The inimitable Carla Rossi at TBA's Critical Mascara Drag Ball

Carla Rossi Sings the End of the World
Thursday at 8pm, Alberta Rose Theater
Carla Rossi, Portland's self-proclaimed "premier drag clown," has already been featured in TBA's Critical Mascara ball, Seattle Pridefest, and Conduit Dance's DANCE+ Festival, amongst many other nightly Northwest events. For her next trick she's devised "Carla Rossi Sings the End of the World," a one-woman cabaret pinned to compare "the whirling, progressive creativity and freedom of 1920s Berlin with America today."  Maria Choban will accompany Rossi on piano while the Dolly Pops offer dance support. 

Bernadette Peters
Saturday at 7:30pm, Arlene Schnitzer Concert Hall
Peters is widely considered one of the finest living musical theater performers, as well as the greatest interpreter of legendary composer Stephen Sondheim’s work. Sondheim agrees, having told the Washington Post, “Bernadette is flawless as far as I’m concerned.” She performs with the Oregon Symphony. 

Third Rail Rep Finishes the Apple Family Cycle
Sorry on Saturday at 3pm, Regular Singer at 7:30
Third Rail Rep is finally completing Richard Nelson’s Apple Family Cycle with Sorry and Regular Singer. The company has been working its way through the four plays over the past couple years with That Hopey Changey Thing in 2012 and Sweet and Sad in 2013. Read our reviews of both here and here.

Books and Talks 

Confluence with Maya Lin
Friday at 12:15pm, City Club of Portland
Much of Maya Lin's work is indebted to the Pacific Northwest. Her most ambitious piece, a five-year-long project (2006-2011) that stretched along the Columbia River system, is called Confluence (read our extended 2009 profile here).

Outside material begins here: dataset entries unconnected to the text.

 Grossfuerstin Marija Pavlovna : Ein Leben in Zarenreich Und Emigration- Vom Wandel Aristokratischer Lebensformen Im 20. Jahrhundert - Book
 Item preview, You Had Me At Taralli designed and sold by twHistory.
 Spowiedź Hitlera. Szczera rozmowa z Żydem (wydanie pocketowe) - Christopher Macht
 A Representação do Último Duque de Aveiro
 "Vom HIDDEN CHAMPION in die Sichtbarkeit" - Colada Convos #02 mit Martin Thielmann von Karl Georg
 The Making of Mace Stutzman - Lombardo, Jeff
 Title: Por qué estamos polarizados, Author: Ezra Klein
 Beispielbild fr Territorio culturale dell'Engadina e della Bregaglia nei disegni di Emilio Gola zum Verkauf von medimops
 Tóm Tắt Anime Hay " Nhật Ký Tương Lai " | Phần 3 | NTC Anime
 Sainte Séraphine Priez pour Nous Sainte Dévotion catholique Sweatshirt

The project featured six art installations, each inspired by passages from Lewis and Clark journals, as well as traditional Native American stories to create a nuanced exploration of the history and culture of our region.  

Classical

Portland Columbia Symphony Orchestra: The Red Violin
Friday at 7:30pm at First United Mehodist Church, Sunday at 3pm at Mt. Hood Community College's College Theater
Famed violinist Elizabeth Pitcairn—whose illustrious 1720 "Red Mendelssohn" Stradivarius violin is known as the inspiration behind François Girard's 1999 film "The Red Violin—will perform John Corigliano's Chaconne, an original score written for the motion picture.

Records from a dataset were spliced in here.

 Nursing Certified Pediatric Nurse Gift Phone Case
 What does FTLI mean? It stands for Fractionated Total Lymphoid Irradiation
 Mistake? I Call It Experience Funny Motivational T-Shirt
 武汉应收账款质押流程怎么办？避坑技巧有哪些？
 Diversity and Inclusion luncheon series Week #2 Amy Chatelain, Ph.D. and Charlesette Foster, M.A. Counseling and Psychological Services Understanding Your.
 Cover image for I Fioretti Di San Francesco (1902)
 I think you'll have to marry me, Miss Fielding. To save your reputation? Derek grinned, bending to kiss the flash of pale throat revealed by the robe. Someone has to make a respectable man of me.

Bohemian Trumpets and Stylus Fantasticus
Saturday at 7:30pm, Sunday at 3pm, Portland Baroque Orchestra
Artistic director Monica Huggett crafts a program of 17th-century music for trumpets and strings, including rarely performed works like Hapsburg court violinist and composer Johann Heinrich Schmelzer’s Die musikalische fechtschul.  

Art

Exhibit: Growth
Daily through Sunday at 11am, Director Park
When it comes to banks, it looks like Portland's Umpqua is making a bid for the most creative. The company has been touring an interactive, open-air art exhibit through Oregon, and it's rolling through Portland's Director Park for ten days. The centerpiece is a geodesic dome that's motion-activated to illuminate unique, mesmerizing visual. The bank recruited eight multi-disciplinary artists from across the country to design the exhibit's installations, three of which come from Portland—Aaron Rayburn, Blaine Fontana, and Blair Saxon-Hill. Read our full story.

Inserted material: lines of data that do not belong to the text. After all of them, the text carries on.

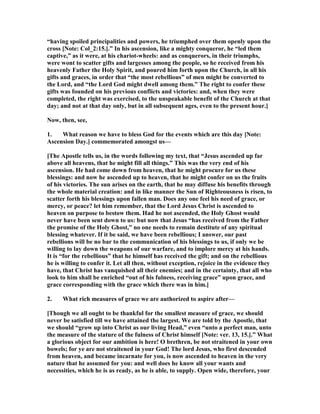 “having spoiled principalities and powers, he triumphed over them openly upon the
cross [ ote: Col_2:15.].” In his ascension, like a mighty conqueror, he “led them
captive,” as it were, at his chariot-wheels: and as conquerors, in their triumphs,
were wont to scatter gifts and largesses among the people, so he received from his
heavenly Father the Holy Spirit, and poured him forth upon the Church, in all his
gifts and graces, in order that “the most rebellious” of men might be converted to
the Lord, and “the Lord God might dwell among them.” The right to confer these
gifts was founded on his previous conflicts and victories: and, when they were
completed, the right was exercised, to the unspeakable benefit of the Church at that
day; and not at that day only, but in all subsequent ages, even to the present hour.]
ow, then, see,
1. What reason we have to bless God for the events which are this day [ ote:
Ascension Day.] commemorated amongst us—
[The Apostle tells us, in the words following my text, that “Jesus ascended up far
above all heavens, that he might fill all things.” This was the very end of his
ascension. He had come down from heaven, that he might procure for us these
blessings: and now he ascended up to heaven, that he might confer on us the fruits
of his victories. The sun arises on the earth, that he may diffuse his benefits through
the whole material creation: and in like manner the Sun of Righteousness is risen, to
scatter forth his blessings upon fallen man. Does any one feel his need of grace, or
mercy, or peace? let him remember, that the Lord Jesus Christ is ascended to
heaven on purpose to bestow them. Had he not ascended, the Holy Ghost would
never have been sent down to us: but now that Jesus “has received from the Father
the promise of the Holy Ghost,” no one needs to remain destitute of any spiritual
blessing whatever. If it be said, we have been rebellious; I answer, our past
rebellions will be no bar to the communication of his blessings to us, if only we be
willing to lay down the weapons of our warfare, and to implore mercy at his hands.
It is “for the rebellious” that he himself has received the gift; and on the rebellious
he is willing to confer it. Let all then, without exception, rejoice in the evidence they
have, that Christ has vanquished all their enemies; and in the certainty, that all who
look to him shall be enriched “out of his fulness, receiving grace” upon grace, and
grace corresponding with the grace which there was in him.]
2. What rich measures of grace we are authorized to aspire after—
[Though we all ought to be thankful for the smallest measure of grace, we should
never be satisfied till we have attained the largest. We are told by the Apostle, that
we should “grow up into Christ as our living Head,” even “unto a perfect man, unto
the measure of the stature of the fulness of Christ himself [ ote: ver. 13, 15.].” What
a glorious object for our ambition is here! O brethren, be not straitened in your own
bowels; for ye are not straitened in your God! The lord Jesus, who first descended
from heaven, and became incarnate for you, is now ascended to heaven in the very
nature that he assumed for you: and well does he know all your wants and
necessities, which he is as ready, as he is able, to supply. Open wide, therefore, your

Kevin Cooley and Jessia Mallios: Sightings
Friday–Sunday from noon–5pm, Disjecta Contemporary Art Center
Video installations examining urban space from unusual perspectives by two artists, Kevin Cooley and Jessica Mallios, take over Disjecta; Cooley’s Skyward requires the viewer to lie down to travel through Los Angeles as a passenger in a car staring out the sunroofFriday marks the exhibit's free public reception from 6–10pm.